After Gilt, flash sale websites were ablaze. Most of these sites typically feature shoes and apparel that are less high end than Gilt’s. New and innovative sale site The OutNet, run by luxury website Net a Porter, is an exception to that rule, with its Jimmy Choo heels and Valentino dresses. But designer handbags, sunglasses and accessories are common items on all these websites, which help draw attention to the lesser known and down market labels that are also there.
“Those bags put us on the map. It’s instant credibility,” Shtern said of the Balenciagas and Pradas sold on Beyond the Rack.
Unlike Gilt, many websites now ship internationally and they’ll also ship you just about anything.
Typical of the sport, most bargain hunters like to play the field and sign up for several flash sale websites.
“About a month ago, I bought a handbag from Gilt,” said Melissa Mattiuzzi, 34, an event coordinator for a cosmetics company in Montreal. The pal brought Mattiuzzi her purse when visiting the city.
“And in April, I bought two pairs of Ray Ban sunglasses and three rings from Erica
Anenberg from Beyond the Rack,” she said. The Ray Bans were $100 each, so she saved about $40 on an aviator model and $80 on the brand’s Wayfarer style. The rings were between $60 and $70 each, and could run $80 to $180 elsewhere online, she said.
Mattiuzzi said she wasn’t worried about not trying on the sunglasses, since she bought them to replace older pairs. The rings were trickier. While Mattiuzzi knew her own size, two of the pieces were gifts. Fortunately, she lucked out and predicted the correct ring size.
“All the brands I buy online are brands that I know,” Mattiuzzi explained.

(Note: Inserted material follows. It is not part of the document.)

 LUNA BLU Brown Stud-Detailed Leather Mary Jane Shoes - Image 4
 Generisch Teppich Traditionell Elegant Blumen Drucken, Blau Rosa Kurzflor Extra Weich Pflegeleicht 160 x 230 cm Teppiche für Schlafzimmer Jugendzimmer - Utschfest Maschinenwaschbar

As such, she’s better able to judge whether the size and style will work and she can also tell how good a deal she’s getting.

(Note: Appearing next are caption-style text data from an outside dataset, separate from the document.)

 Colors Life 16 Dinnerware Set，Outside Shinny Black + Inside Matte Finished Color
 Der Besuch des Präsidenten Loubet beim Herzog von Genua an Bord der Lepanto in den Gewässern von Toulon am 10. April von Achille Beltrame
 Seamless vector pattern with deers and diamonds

Dvorah Bowen, who lives in Dollard des Ormeaux, purchased discount Ugg boots for $129 from Beyond the Rack, saving about $70. “Footwear is easy because you know your size,” she said. “Handbags, scarves, accessories are good purchases, too.”

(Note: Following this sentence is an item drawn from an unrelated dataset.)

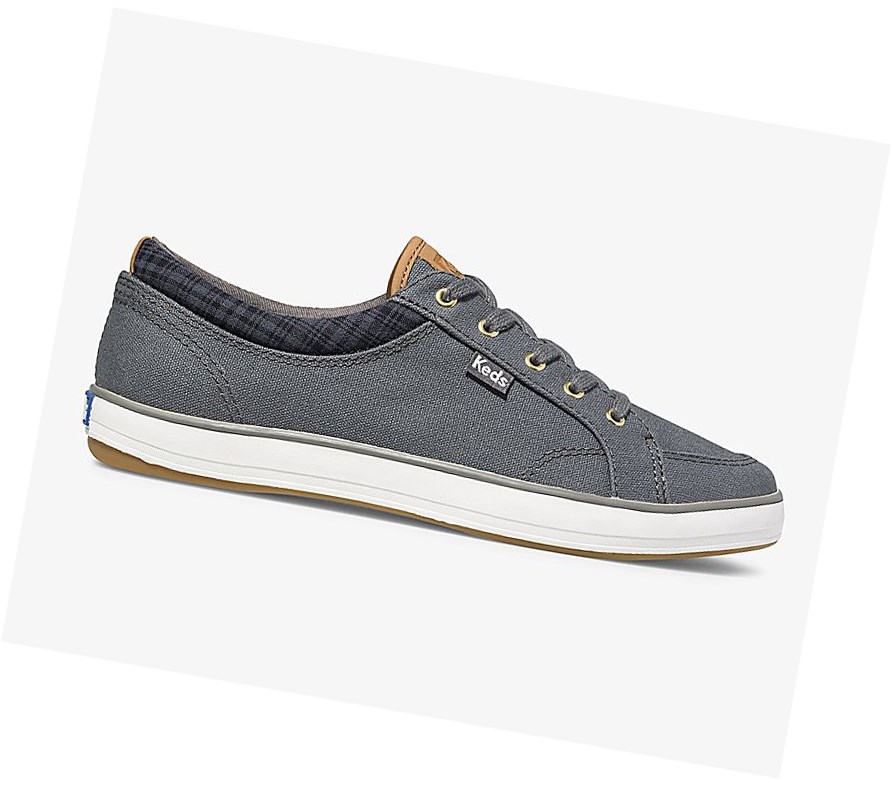 Zapatos con Cordones Keds Center Waxed Lona Comodidad Mujer Gris Oscuro | WXZ-658927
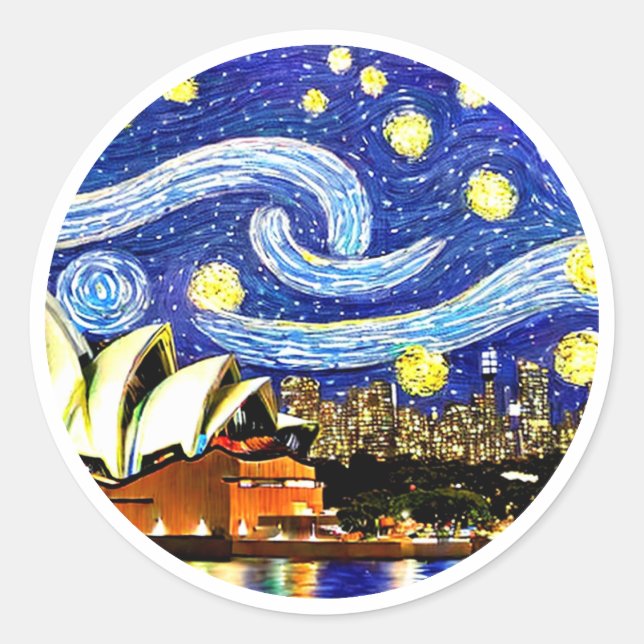 Starry Night Sydney Australia Opernhaus Runder Aufkleber (Vorderseite)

“Clothing is another story,” Bowen said. “I would have a hard time buying a dress or pants without trying them on first.”
Unless one is an expert shopper and knows his or her size in the innumerable brands that appear on these websites, potential purchases are often limited.
Faced with a constant barrage of great deals every day, customers often welcome such boundaries.
“I love my deals and I hardly use it,” said Matt Elkind, a Toronto based real estate agent who has been logged on to Gilt Groupe’s men’s site for about a year. He said he has never even heard of half the brands listed, which sometimes makes him feel out of the fashion loop. “And God bless the shoe industry, but my size can go from 8 to 11. So, I can only buy shoes from them by the same manufacturer with consistent sizing.”
Another common complaint with flash sale shoppers is that deliveries to Canada can be slow. It took about three weeks for Mattiuzzi’s sunglasses to arrive and a month for the jewellery from Beyond the Rack, even though the company is in Montreal.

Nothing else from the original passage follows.